**Aim of the task**
Extract only the lines from the start of the entries below to the line with "Car Coating Spray, Liquid", inclusive; omit every picture.

(Data for the task)

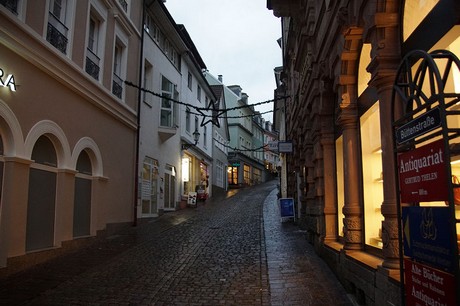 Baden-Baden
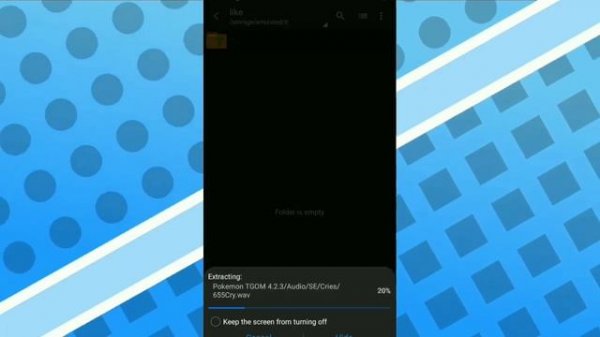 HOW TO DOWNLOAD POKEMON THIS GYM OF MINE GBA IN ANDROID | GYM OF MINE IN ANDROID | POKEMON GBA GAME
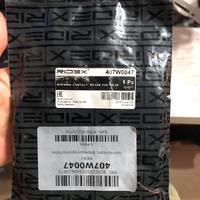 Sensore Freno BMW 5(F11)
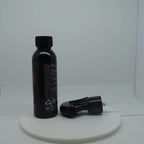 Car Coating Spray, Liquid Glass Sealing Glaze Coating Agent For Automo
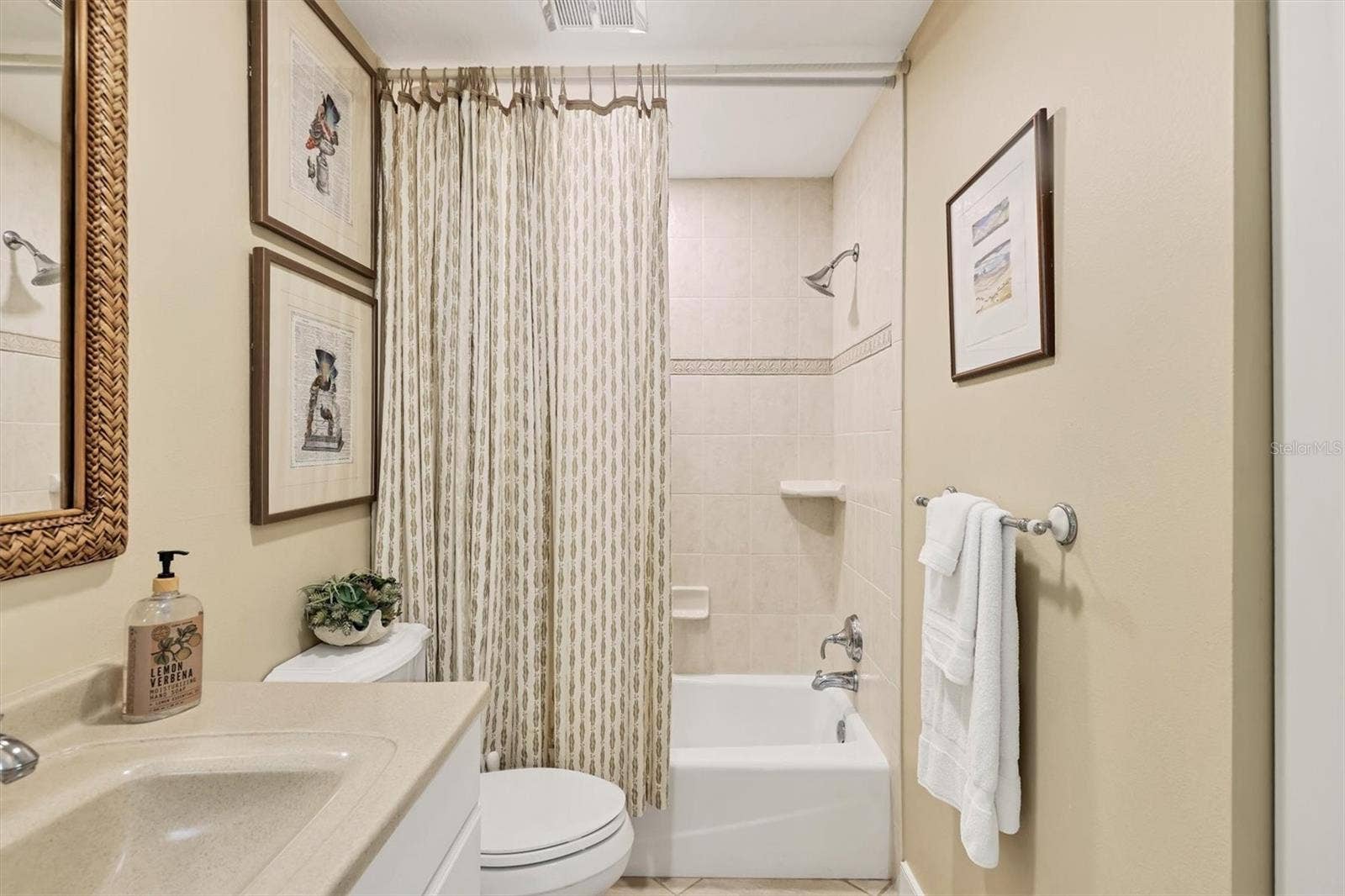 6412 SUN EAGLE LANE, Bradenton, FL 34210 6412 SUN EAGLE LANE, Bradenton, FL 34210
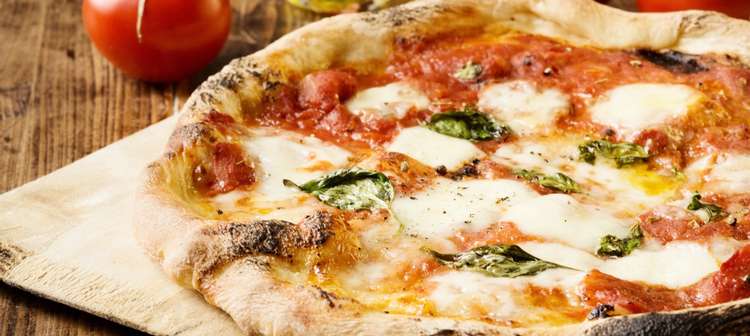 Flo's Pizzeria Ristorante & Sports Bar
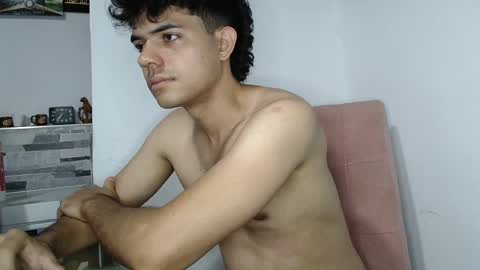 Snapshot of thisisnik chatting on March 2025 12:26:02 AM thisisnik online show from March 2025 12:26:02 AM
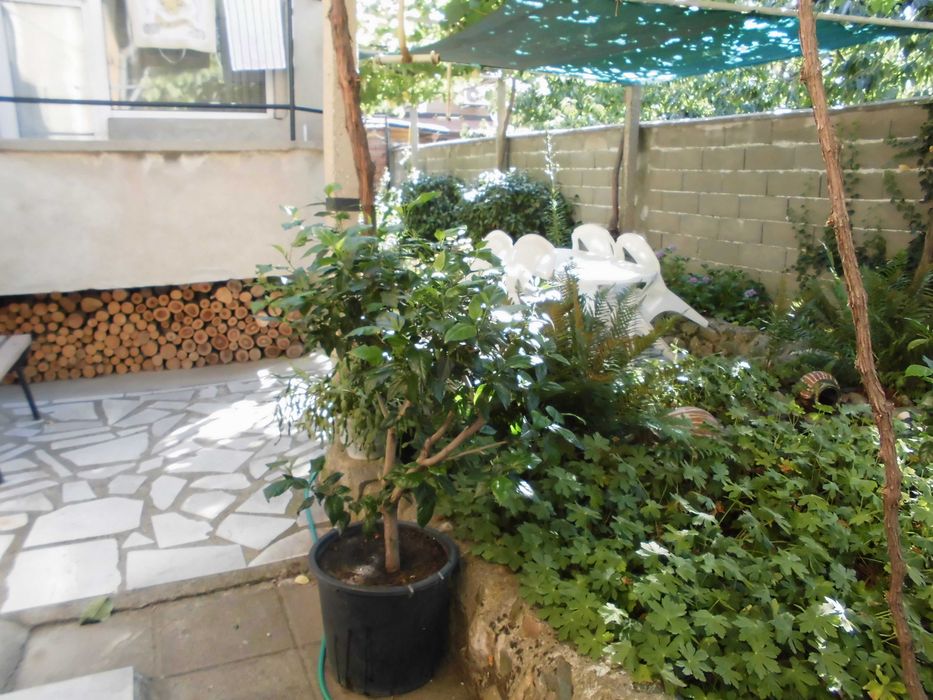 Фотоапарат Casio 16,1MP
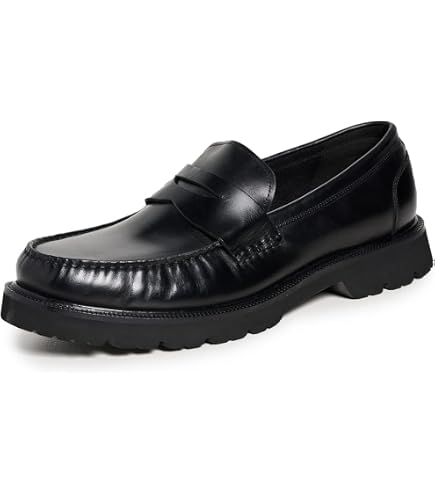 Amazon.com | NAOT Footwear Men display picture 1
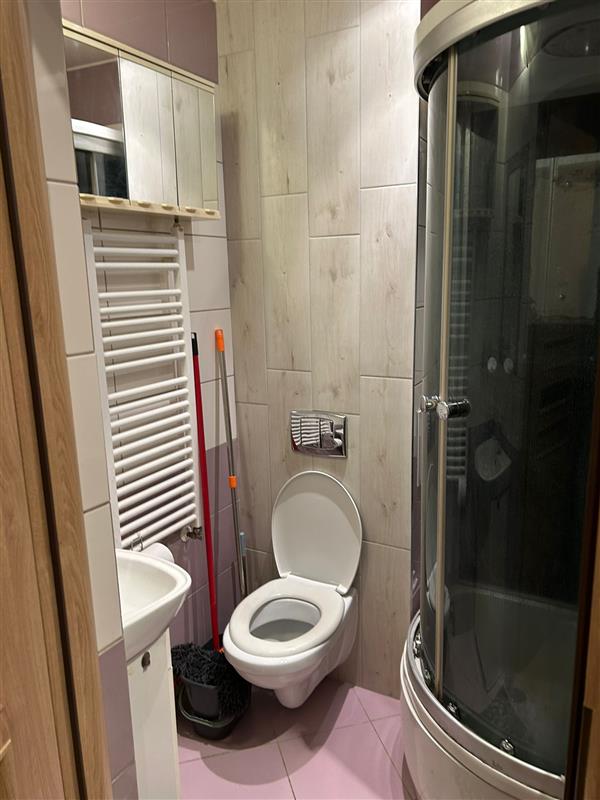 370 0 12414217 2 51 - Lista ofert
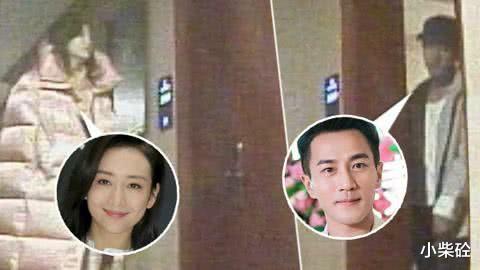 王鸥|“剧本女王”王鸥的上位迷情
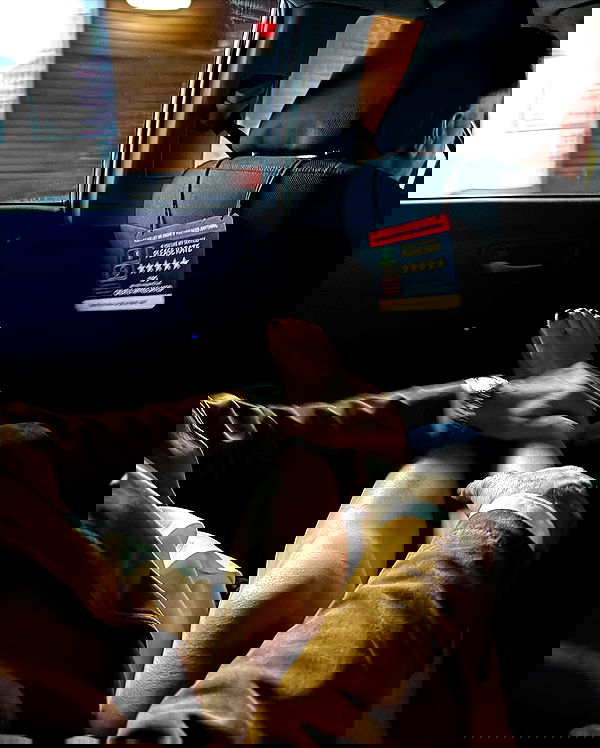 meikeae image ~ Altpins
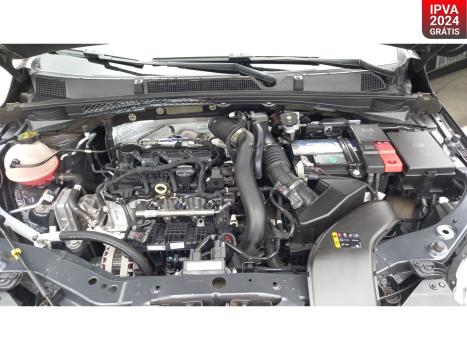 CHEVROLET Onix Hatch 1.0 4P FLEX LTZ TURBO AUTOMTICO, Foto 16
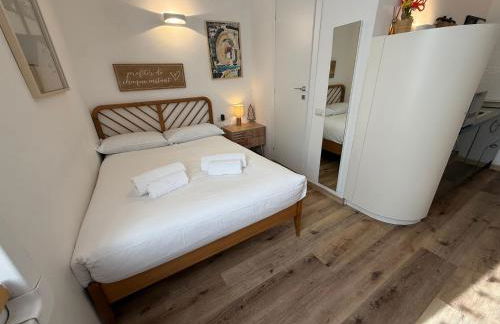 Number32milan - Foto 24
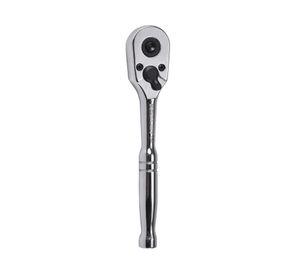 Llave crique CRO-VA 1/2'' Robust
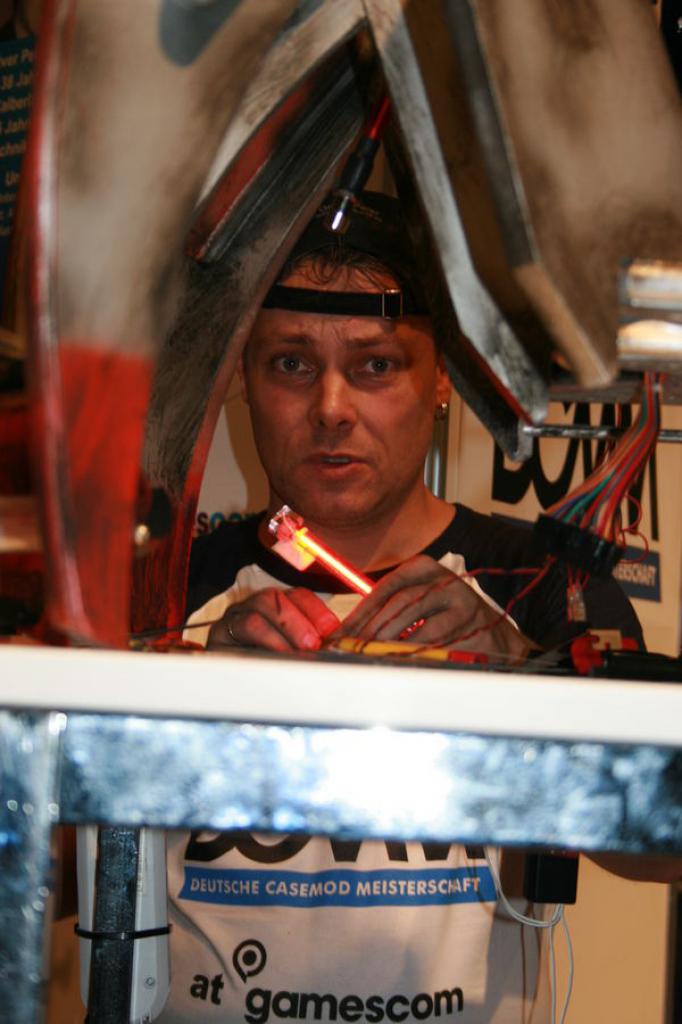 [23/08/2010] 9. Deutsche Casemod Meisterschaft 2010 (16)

(End Data for the task)

**Result of this task**
 Baden-Baden
 HOW TO DOWNLOAD POKEMON THIS GYM OF MINE GBA IN ANDROID | GYM OF MINE IN ANDROID | POKEMON GBA GAME
 Sensore Freno BMW 5(F11)
 Car Coating Spray, Liquid Glass Sealing Glaze Coating Agent For Automo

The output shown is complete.